LLM API Benchmark MCP Server

LLM API Benchmark MCP Server

Enables benchmarking of Large Language Model APIs by measuring performance metrics such as generation throughput, prompt throughput, and Time To First Token (TTFT) with configurable concurrency levels and parameters.

Category
Visit Server

README

LLM API Benchmark MCP Server

This project provides an MCP (Model Context Protocol) server designed to benchmark Large Language Model (LLM) APIs.
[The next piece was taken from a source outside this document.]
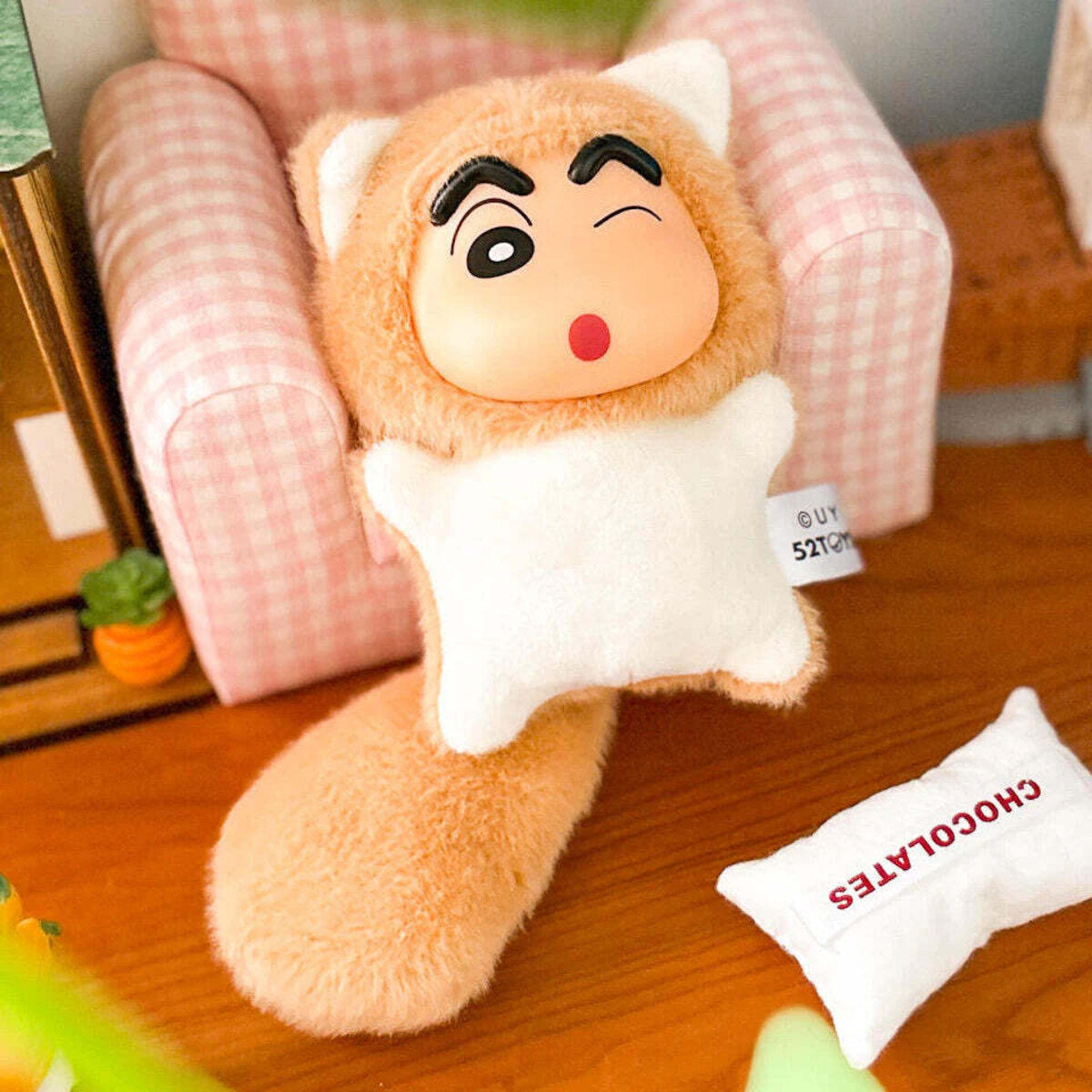 Little Lion plush charm with a soft mane resting on wood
It allows you to measure various performance metrics such as generation throughput, prompt throughput, and Time To First Token (TTFT) for your LLM endpoints.

Features

  • Comprehensive Benchmarking: Measure key performance indicators like generation throughput, prompt throughput, and Time To First Token (TTFT).
  • Flexible Deployment: Supports both remote SSE server for quick trials and local deployment via stdio or SSE transport.
  • Customizable Benchmarks: Configure various parameters for your LLM API benchmarks, including concurrency levels, model names, token limits, and more.
  • Detailed Output: Provides structured JSON output with aggregated and distributed metrics for in-depth analysis.
  • Easy Integration: Designed as an MCP server for seamless integration with MCP clients.

Table of Contents

Prerequisites

This project uses uv for environment management. Please ensure you have uv installed on your system.

Install uv

Refer to the official uv documentation for installation methods.

Quick Start

You can experience this MCP server through a remote SSE server for quick trials or deploy it locally using either stdio or SSE transport.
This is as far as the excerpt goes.